Moulak O. Ishak allegedly hacked into Ticketfly’s systems in 2018. Ticketfly punters who tried to purchase tickets for upcoming live gigs were greeted with a picture of the V for Vendetta character and the message “Ticketfly HacKeD By IsHaKdZ.”
At the time of the attack, Ticketfly was owned by Eventbrite, which made the decision to temporarily take the platform offline in the wake of the breach.

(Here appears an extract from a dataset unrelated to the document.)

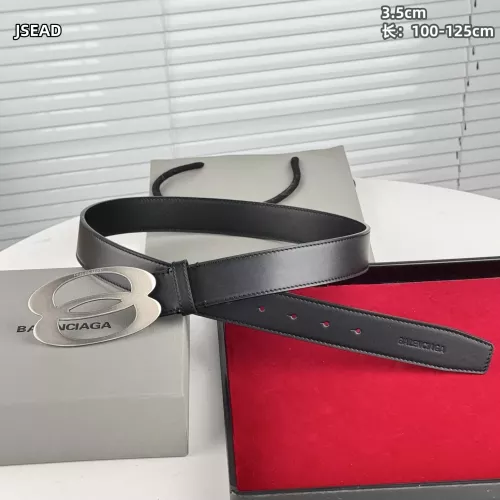 Cheap Balenciaga AAA Quality Belts In 3.5cm For Unisex #1339941, $$56.00 USD On Balenciaga AAA Quality Belts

Eventbrite issued the online message, “Following a series of recent issues with Ticketfly properties, we’ve determined that Ticketfly has been the target of a cyber incident.”

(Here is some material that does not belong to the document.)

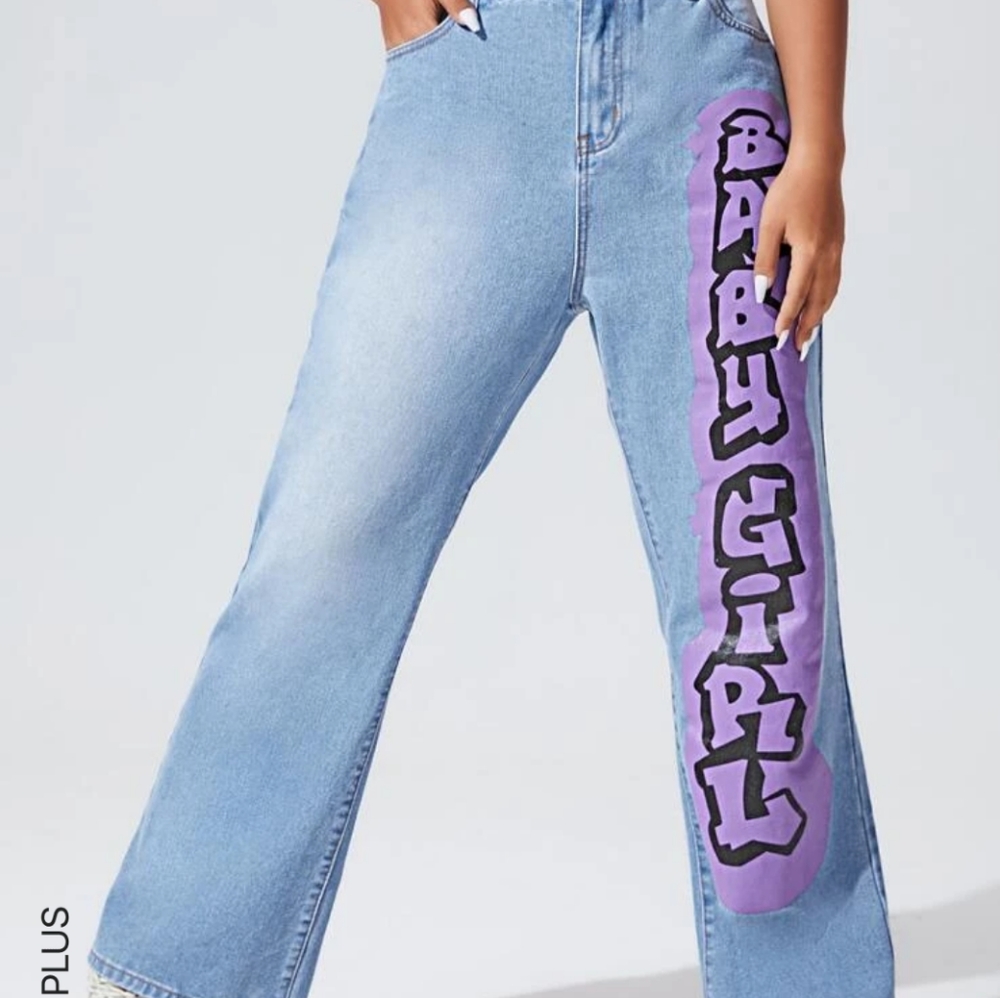 Jeans - Picture 5 of 5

Following the attack, Motherboard claimed that hacker IsHaKdZ told them via email that he had warned Ticketfly of a vulnerability that allowed him to take control of all the databases for Ticketfly and its website.

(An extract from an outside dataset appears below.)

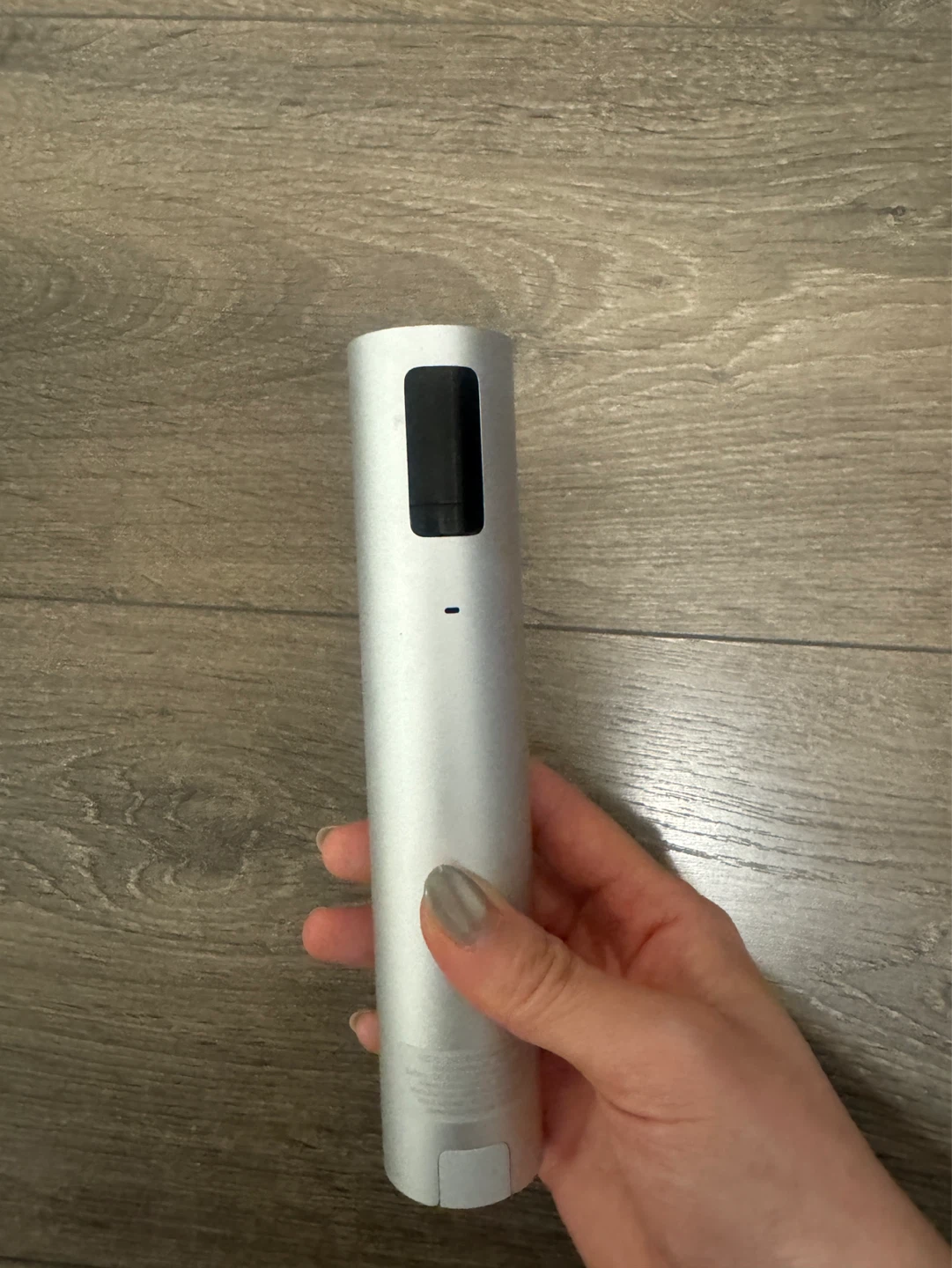Medicube Age-R Booster-H Device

In what sounds a lot like a ransom demand, the hacker is purported to have told Motherboard that he offered to share details of the vulnerabilities with Ticketfly in exchange for 1 bitcoin but never received a reply from the platform’s operators.
Following the hack, the personal details of six Ticketfly users were posted to a server as proof that IsHaKdZ’s claims of being able to access the databases were real.
According to the indictment issued on February 18, the FBI believes that Ishak, using the pseudonym IsHaKdZ, attempted to extort money from Ticketfly over a five-day period.
Ishak has been indicted on one count of forfeiture and one felony count of extortion in relation to damage to a protected computer.
The alleged cyber-criminal has not been apprehended, though a warrant has been issued for his arrest. If caught and convicted of these charges, Ishak could face a fine of $250,000 and up to three years behind bars.
The indictment reads: “On or about 27 May 2018, and continuing to at least 31 May 2018, in the Northern District of California and elsewhere, the defendant, with intent to extort from Ticketfly money and other things of value, transmitted in interstate and foreign commerce a communication containing a demand and request for money and other things of value in relation to damage to a protected computer, to wit, Ticketfly’s servers, where such damage was caused to facilitate the extortion.”